Con el colapso del socialismo histórico, este sistema anunció su triunfo definitivo, celebró el “fin de la historia” y se propuso aplastar toda opción que no fuese la solución única y homogénea que ha pretendido implantar en el mundo entero. Ya no podían haber muchos mundos ni pluralismo de sistemas, sino un sólo mundo que sería el capitalismo globalizado.
 
Este “nuevo” orden se impone y se legitima gracias al implacable poder que lo sostiene. No puede prometer, y ya no promete, un lugar para todos, sino que exalta la ideología de la competencia a muerte y la eficiencia abstracta: el mundo es de ganadores y perdedores (winners y losers).
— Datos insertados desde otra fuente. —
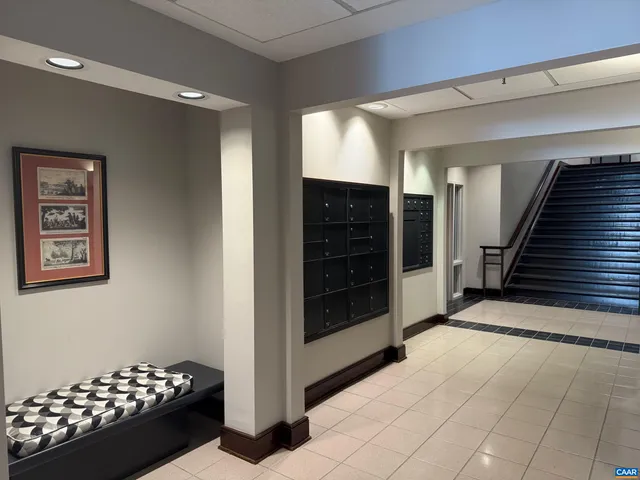 a view of gallery with wooden floor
Pero al afirmarse sobre un poder total e indiscutido, este orden prescinde de toda referencia a los seres humanos concretos como fuente de legitimidad, afirmando esta por la legalidad y por la fuerza. Se autoconcibe creado, organizado y posibilitado por el imperio de la ley y de las armas, en una sociedad en guerra competitiva permanente entre los capitales, los Estados, las naciones, los pueblos, y los mismos seres humanos.
 
Las ciencias sociales, y particularmente la economía, se adaptaron rápidamente a esta ideología del capitalismo total. La economía ahora se conduce como si se tratara de una guerra económica, en la cual se busca conseguir y mantener “ventajas competitivas” que hagan posible salir de este campo de batalla como los vencedores. El economista, y en especial el administrador de las grandes empresas transnacionales, se ha convertido en un asesor militar en esta guerra económica, llegando a ser su función primordial, no la producción de teorías o el entendimiento de lo que significa esta manera de enfocar la realidad, sino, cómo contribuir al triunfo en esta confrontación bélica: la competencia a muerte.
 
Pero este estado de guerra desatado por el capitalismo globalizado, conduce no solamente a una destructividad cada vez mayor de los ámbitos de la vida social y de la naturaleza, sino también a una autodestructividad creciente que socava las propias condiciones de posibilidad de la vida humana, natural y social. El sistema no puede seguir creciendo sin provocar una crisis ecológica de dimensiones apocalípticas, pero tampoco puede decrecer sin originar una crisis económica y social de enormes proporciones. La modernidad se encuentra en un laberinto y no tiene un «hilo de Ariadna» que le muestre la salida.
 
El problema fundamental de la modernidad se puede describir entonces del siguiente modo: la irracionalidad de lo racionalizado. Nuestra racionalidad produce irracionalidades, incluso monstruosas; y cuanto más hemos racionalizado y nos hemos hecho más eficientes, tanto más se despliega esta irracionalidad producto de la misma acción racional. Todo pensamiento crítico hoy no puede ser sino la búsqueda de una respuesta a esta irracionalidad de lo racionalizado.
 
Por eso, la demanda de la recuperación del sujeto (del ser humano en cuanto sujeto corporal), de la vida humana concreta (personal, social y espiritual), de la vida para todos, en las relaciones humanas, en las instituciones sociales y en las construcciones culturales —ciencia, arte, filosofía, teología, etc.— es la demanda más urgente en el mundo de hoy. Recuperar hoy el sujeto negado no es un simple juicio de valor, es la exigencia de recuperar un realismo perdido. Esta recuperación parte de un juicio de la razón práctica, de una afirmación sobre la realidad en la cual vivimos:
 
Yo soy solamente si tu también eres” (Desmond Tutu); y desemboca en otra afirmación sobre la realidad: “Asesinato es suicidio”. Esta afirmación no implica de por sí una ética determinada, pero cuando optamos por este realismo afirmamos la vida, y al hacerlo surgen las resistencias, las alternativas y su necesidad.
 
Si como creemos, no puede construirse una nueva sociedad sin imaginarla, entonces, la construcción de alternativas pasa por una renovación radical de nuestros actuales marcos categoriales, marcos que no solamente predeterminan nuestra percepción de la realidad, sino que limitan, además, las metas de la acción humana que podemos siquiera concebir.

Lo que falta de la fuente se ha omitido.